L’ouverture vers l’extérieur, une nécessité pour réussir son installation
La réussite du projet d’installation est conditionnée par toute une série de facteurs inhérents à la performance des moyens de production de la ferme, à la bonne gestion administrative et comptable, à la pertinence des investissements… Mais à l’heure des réseaux sociaux, des facteurs externes entrent aussi en ligne de compte. La mise en œuvre de partenariats, l’intégration de réseaux professionnels et l’ouverture vers un environnement hors agriculture s’avèrent ainsi être de sérieuses clés de réussite.
Le « faire savoir » devient indispensable
Jusqu’au tournant du siècle passé, les agriculteurs étaient, par nécessité, majoritairement tournés vers les travaux de la ferme et peu vers les relations extérieures. Aujourd’hui, pour le jeune entrepreneur, il ne s’agit plus seulement de faire, mais aussi de faire savoir. Les évolutions sociétales et la méconnaissance grandissante du fonctionnement de l’agriculture pour la majorité des concitoyens obligent les nouveaux agriculteurs à prendre les devants pour parler de leur métier. Les manifestations de 2024 ont mis en lumière cette nécessité de recréer un lien entre le grand public et le monde agricole. Ouvrir la ferme sur son extérieur ou s’engager dans la vie locale vont être des « annexes » du métier d’agriculteur, ô combien nécessaires pour améliorer le vivre ensemble et la motivation de l’entrepreneur.
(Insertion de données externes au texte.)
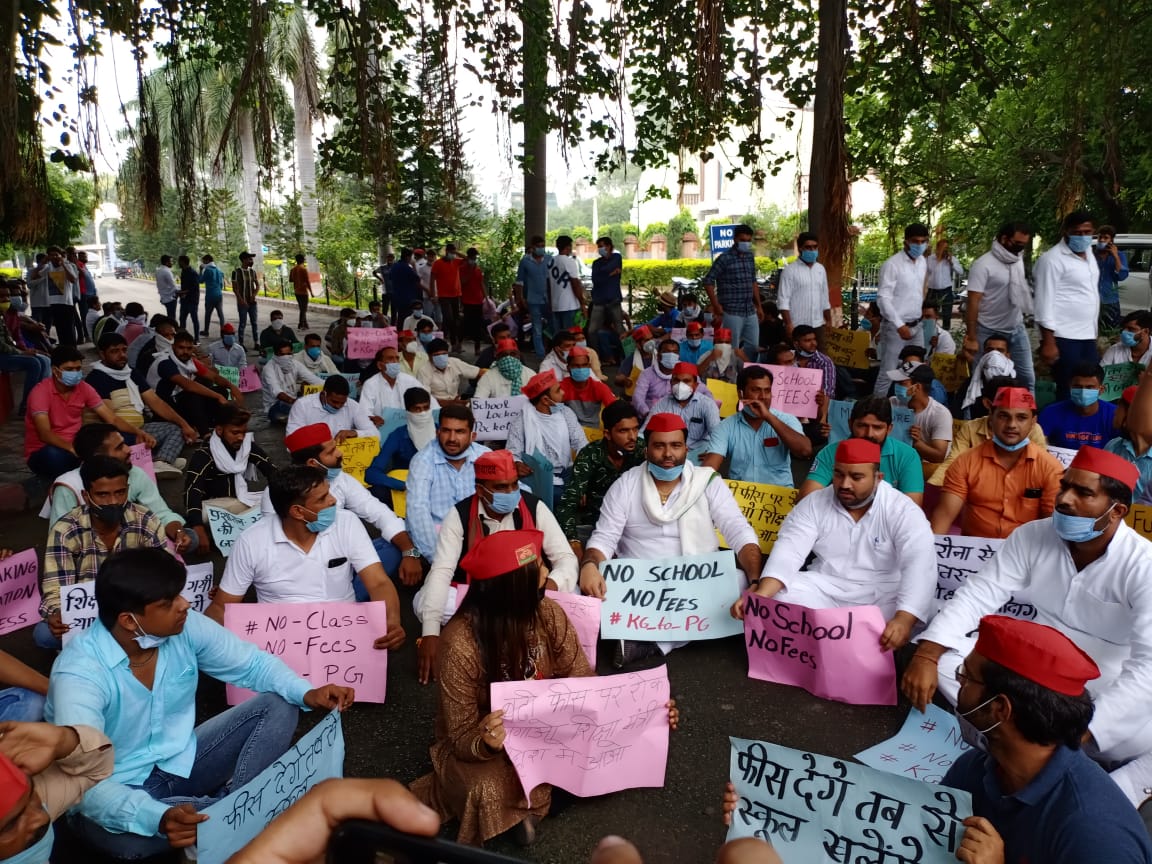 DhilorSamajwadi's tweet photo. #No_class #No_Fees
#KG to #PG
आज #मेरठ #यूनिवर्सिटी में #अभिभावकों के साथ हो रहे अन्याय के #विरोध में आंदोलन जारी...!!
#इन्कलाब_ज़िंदाबाद
@bstvlive @atulpradhansp @aajtak @ABPNews @AmarUjalaNews @JagranNews @MediaCellSP @News18UP @news24tvchannel https://t.co/FjOZkBuc6M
S’intéresser au devenir de sa production
L’accès aux marchés alimentaires, notamment locaux, mais aussi la traçabilité ou la certification, encouragent les agriculteurs à communiquer sur leurs méthodes de travail. Les cahiers des charges des coopératives obligent leurs adhérents à préciser leurs conditions de production. Bien évidemment, ces contrats sont limités et proposés, en priorité, aux coopérateurs qui se font connaître et reconnaître. Il est donc primordial d’afficher une démarche volontaire. L’ouverture vers les débouchés alimentaires est une évolution majeure du métier d’agriculteur. En outre, plus l’exploitant est confronté au consommateur, plus le besoin d’ouverture, d’explication et de sensibilisation s’impose. Pour certains, c’est une prédisposition naturelle, tandis que pour d’autres, il faut se motiver et briser son isolement. Cela étant, il semblerait que l’installation hors cadre familial et la mixité plus affirmée dans le métier amènent toujours plus d’ouverture vers l’extérieur.
Vers l’ouverture du capital des exploitations agricoles ?
Investissement dans le matériel, le cheptel, les bâtiments ou encore la reprise de l’exploitation du cédant… l’installation en agriculture nécessite souvent la mobilisation de capitaux importants. Par conséquent, il faut anticiper avec le plus grand soin le plan de financement de ces différents investissements.
Les modalités de financement d’une installation sont variées. Montage juridique, financeur, taux, durée… L’ensemble de ces paramètres doit être soigneusement étudié. Lorsque le coût des reprises prend de l’ampleur, la question de l’emprunteur devient déterminante. Faut-il alors emprunter à titre personnel ou choisir d’emprunter via une société interposée, une holding (société qui détient une autre société) ? Une holding permet, entre autres, de financer la reprise sous le régime fiscal de l’impôt sur les sociétés (IS), tout en continuant à mener son exploitation agricole sous le régime de l’impôt sur le revenu (IR). La question n’est donc pas anodine.
Au démarrage, cette dichotomie fiscale permet d’appliquer le régime fiscal optimal à chacune des situations :
• le régime de l’IS pour la holding rend le financement de la reprise plus confortable, car les fonds nécessaires au remboursement des annuités ne sont pas soumis aux cotisations MSA et à l’impôt sur le revenu (mais à l’IS) ;
• le régime de l’IR pour la société d’exploitation permet d’accéder aux spécificités de la fiscalité agricole (moyenne triennale, DEP…).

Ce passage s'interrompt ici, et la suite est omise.